Before we start loading models from Hugging Face or working with frameworks like LangChain, Llama, or Nemotron, it is essential to check whether our system has access to a GPU. Large language models rely heavily on parallel computations, and running them on a CPU can be extremely slow or even impossible for bigger models.

PyTorch provides simple tools to detect if CUDA is installed, whether the GPU is visible, and what GPU model is available. Knowing this information helps us choose the right model size and the correct configuration (such as FP16, 8-bit, or 4-bit quantization). It also helps prevent common errors like “CUDA out of memory” or “No GPU found” before they happen.

The following small code block performs three basic checks:

* whether CUDA is available on the machine,

* what GPU model PyTorch can access,

* and how many GPUs are detected.

This is a standard first step before working with modern LLMs, because it ensures that the environment is correctly set up for fast inference.

In [None]:
import torch
print("CUDA available:", torch.cuda.is_available())
print("GPU name:", torch.cuda.get_device_name(0) if torch.cuda.is_available() else "No GPU")
print("Number of GPUs:", torch.cuda.device_count())

By running these three lines, we make sure that:

* PyTorch is correctly installed,

* CUDA is working,

* and the system is ready to load models like Llama, Nemotron, or any Hugging Face Transformer.

This avoids many common errors and helps you select the right model size and precision in the next steps of the tutorial.

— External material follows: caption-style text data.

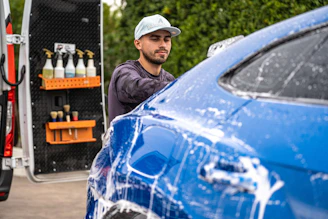 A man washes a blue car with soap.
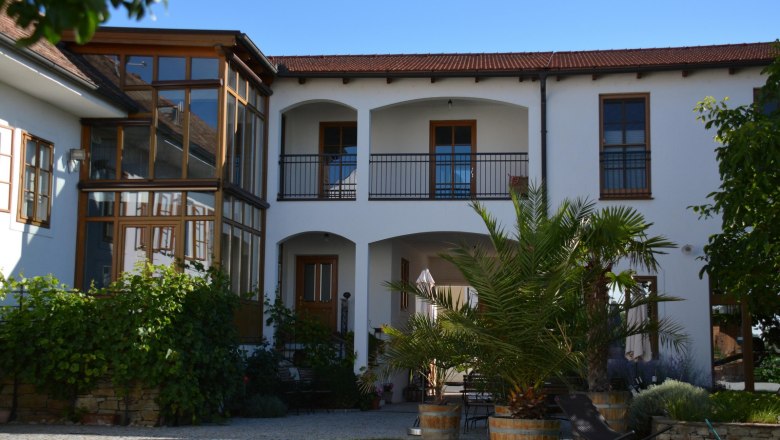 Inner courtyard of a winery with plants and seating area.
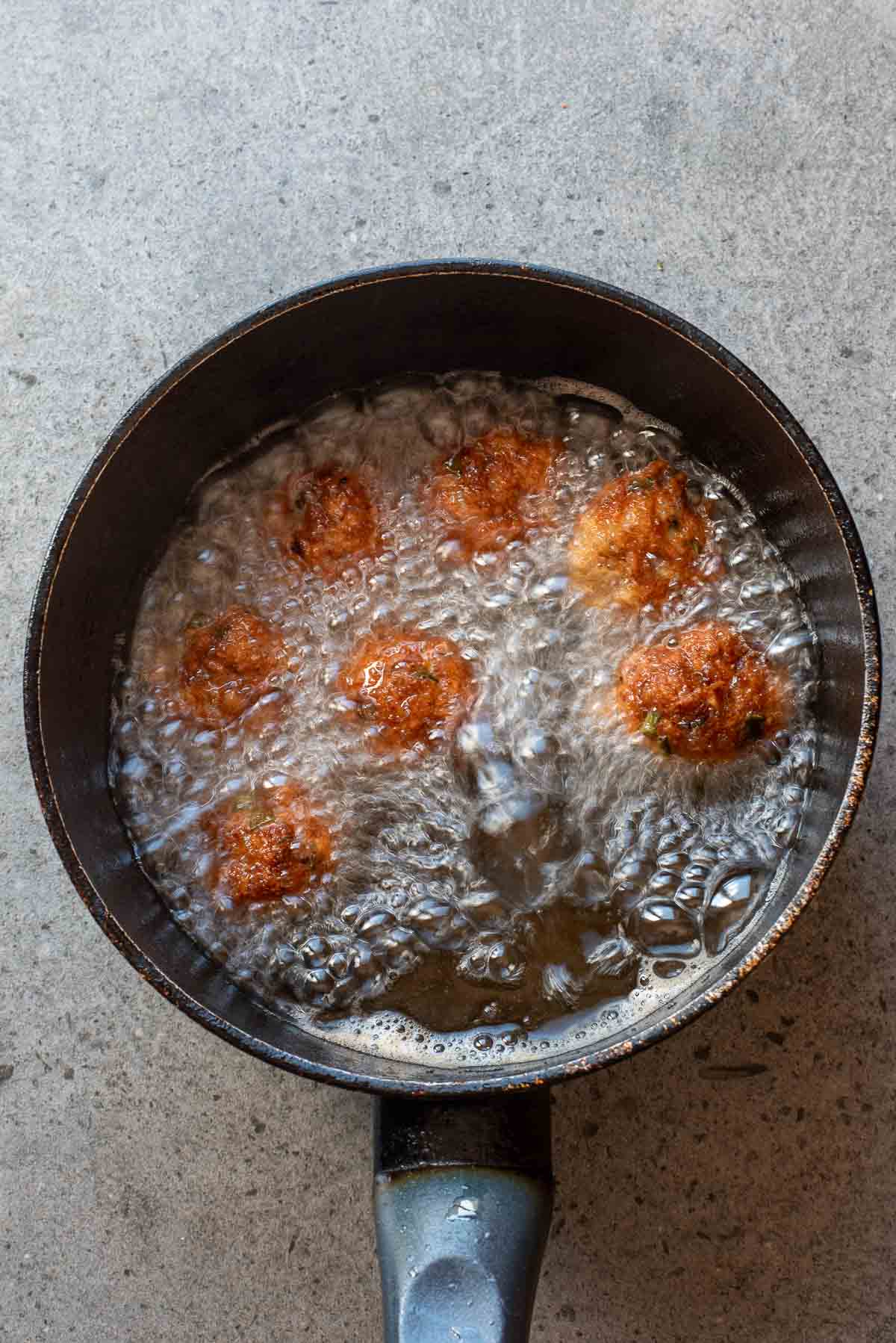 Six round fritters are being deep-fried in hot oil inside a black saucepan on a gray surface.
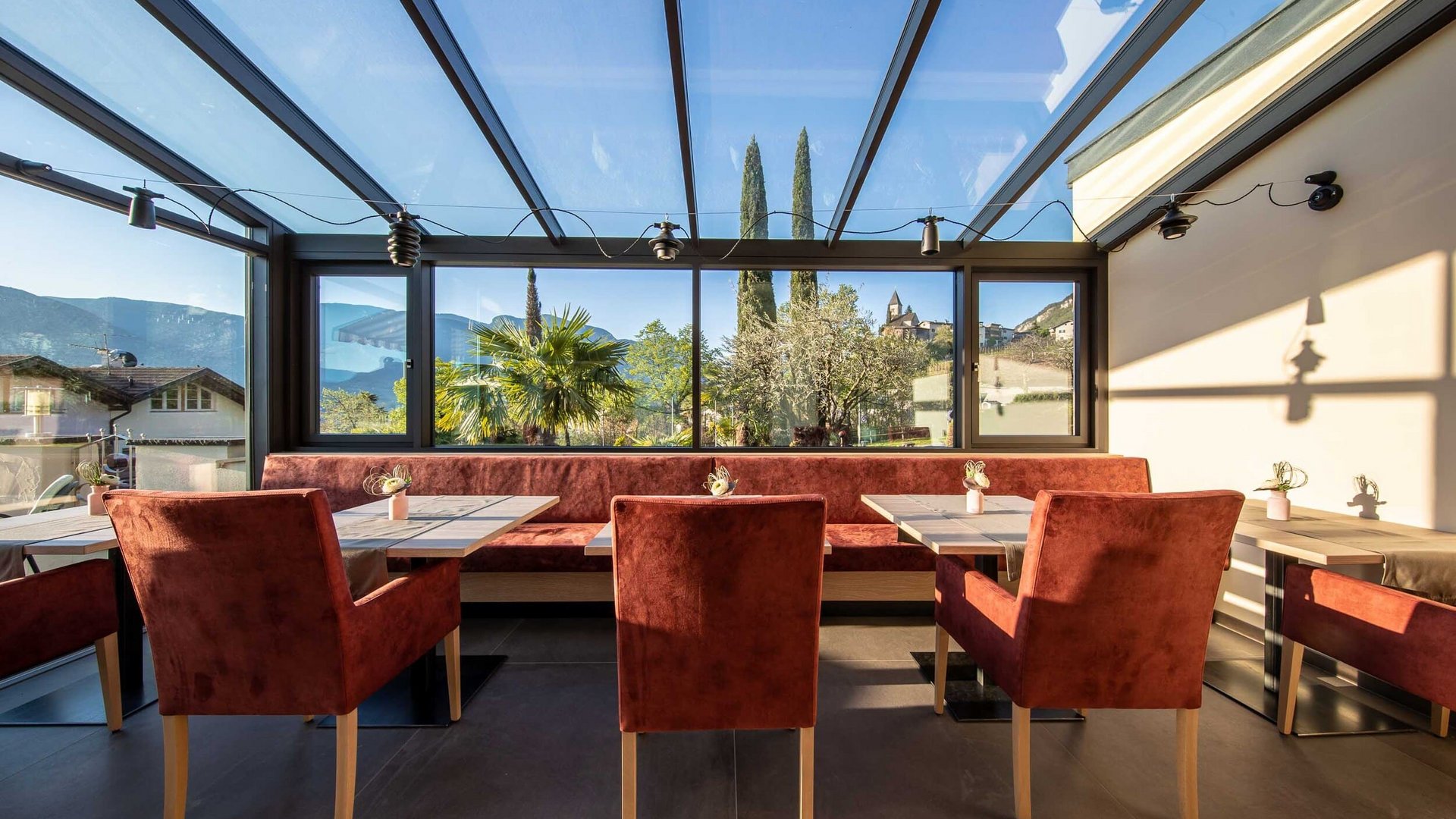 Modern terrace with glass roof and red seating overlooking mountains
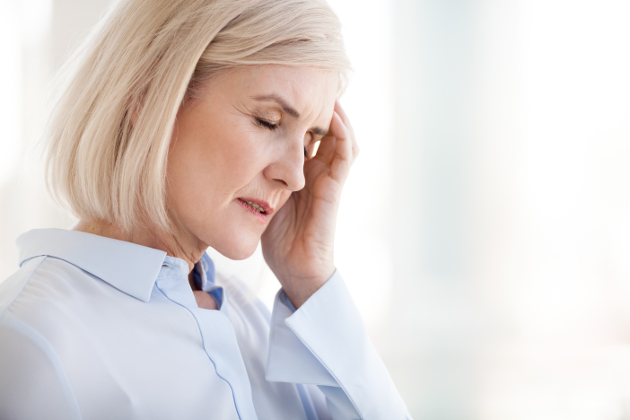 Man sneezing into tissue due to seasonal allergies that may be reduced with yeast fermentate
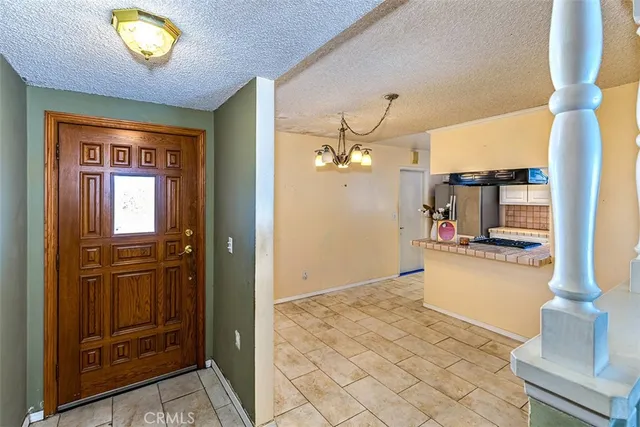 wooden floor with a chandelier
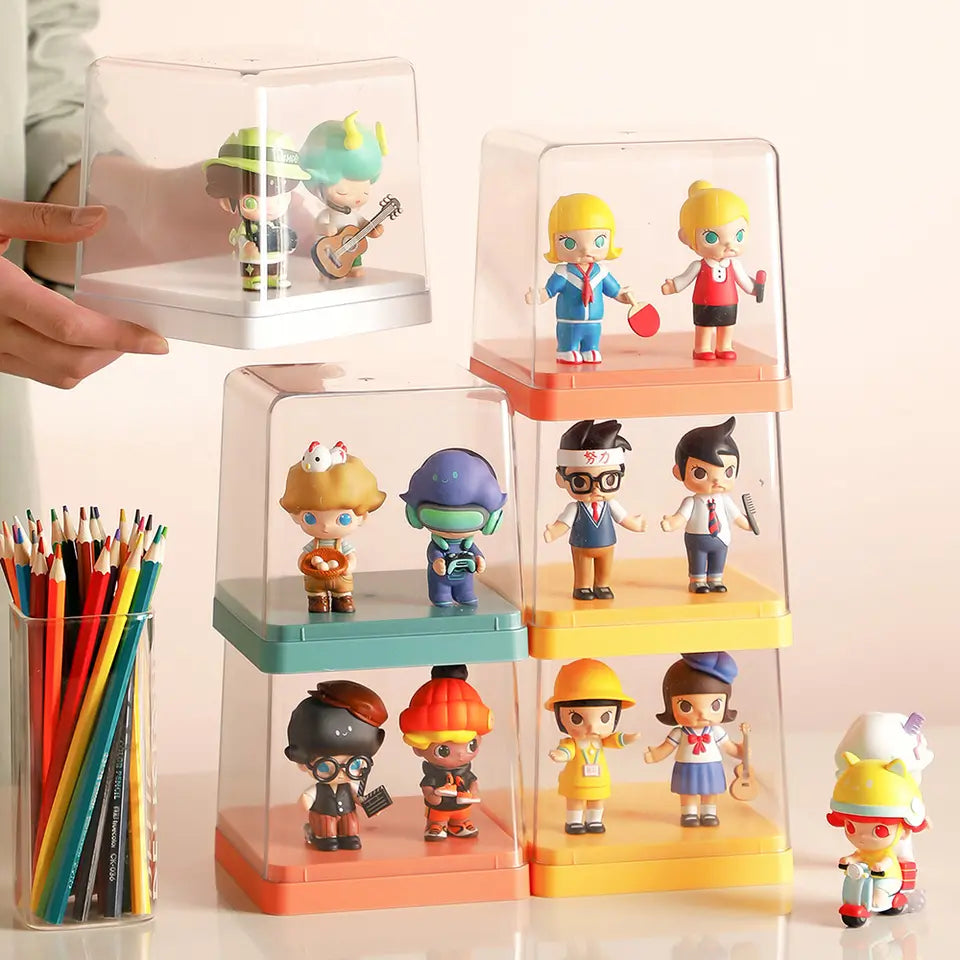 A group of small toy figurines in a clear acrylic display case from Strangecat Toys.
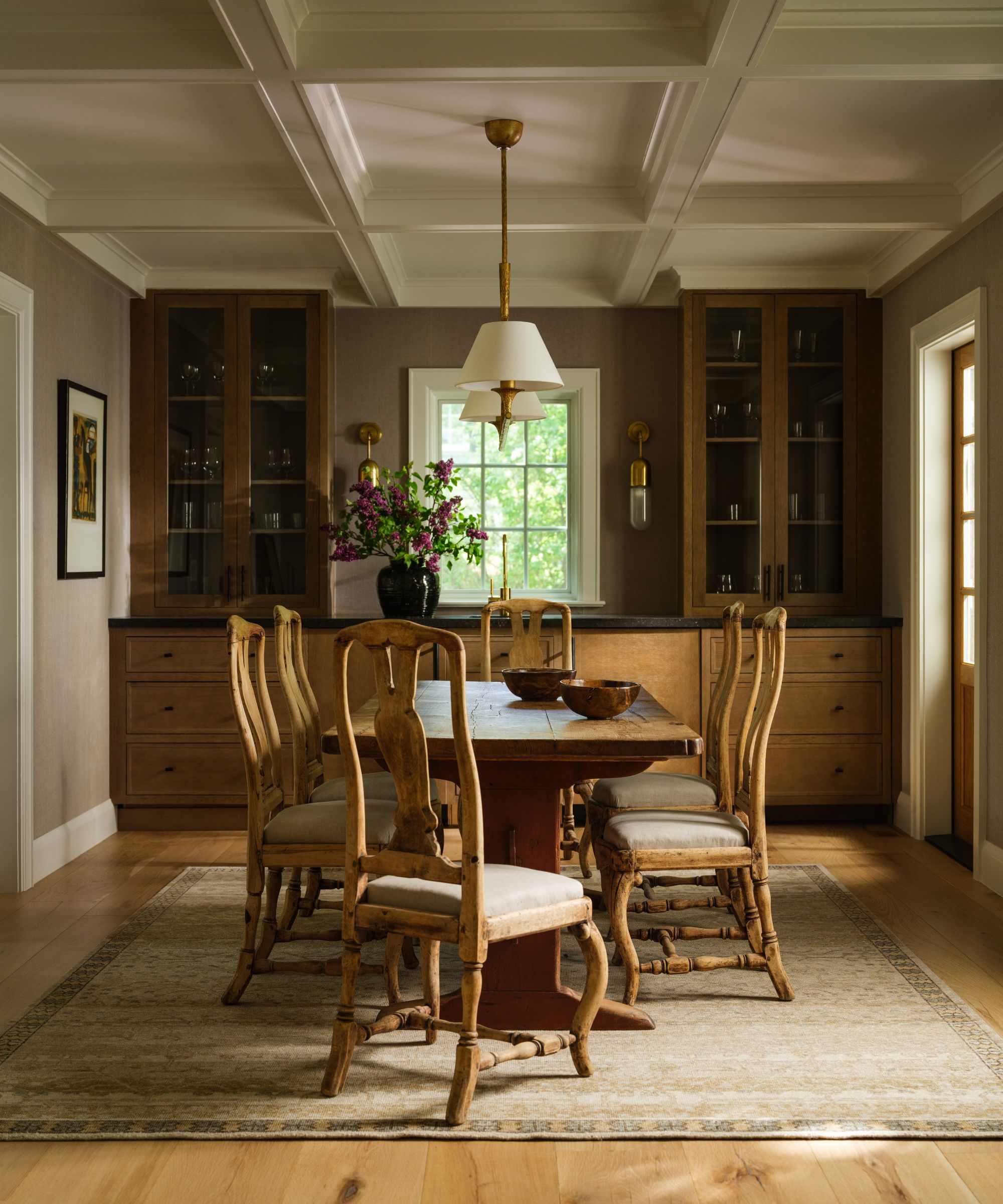 a warm neutral dining room with custom wooden bar and storage, mixed wooden vintage table and chairs and a coffered ceiling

Before we start building applications with Hugging Face and large language models such as Llama or Nemotron, we need to install the core Python libraries that will allow us to download models, preprocess data, run inference efficiently, and interact with the Hugging Face Hub.
These libraries form the foundation of the entire workflow: they handle tokenization, dataset loading, GPU acceleration, evaluation metrics, and communication with your Hugging Face account.
The following command installs all the essential tools we will use throughout this tutorial.

In [None]:
!pip install transformers datasets accelerate evaluate huggingface_hub

Here is what each of these packages does and why we need them:

1. transformers

        This is the main Hugging Face library.
        It provides:
        * thousands of pretrained models (Llama, Nemotron, BERT, GPT-like models…)
        * tokenizers
        * pipelines for text generation, classification, QA, etc.
        This is the core tool for loading and running modern LLMs.


---

2. datasets

        A high-performance library for loading and manipulating datasets.
        It supports:
        * huge datasets (streaming, memory-efficient)
        * many formats (CSV, JSON, Parquet, Hugging Face Hub datasets)
        * automatic train/validation/test splits
        Useful for training, fine-tuning, and evaluation.


---

3. accelerate

        A library that helps run models efficiently on:
        * GPUs,
        * multiple GPUs,
        * or across distributed systems.
        It automatically manages device placement, mixed precision (fp16, bf16), and speed optimizations.
        We need it especially for larger models or fine-tuning.


---
4. evaluate

        A library that provides many standard NLP metrics.  Useful when measuring model performance or comparing different model outputs.
---
5. huggingface_hub

        It's the “connection” between your local machine and Hugging Face.

# Simple model depolyment

Before working with large models such as Llama or Nemotron, it is always a good idea to test our environment using a very small and lightweight transformer. This helps confirm that the Hugging Face transformers library is correctly installed, that pipelines work as expected, and that basic inference runs without errors.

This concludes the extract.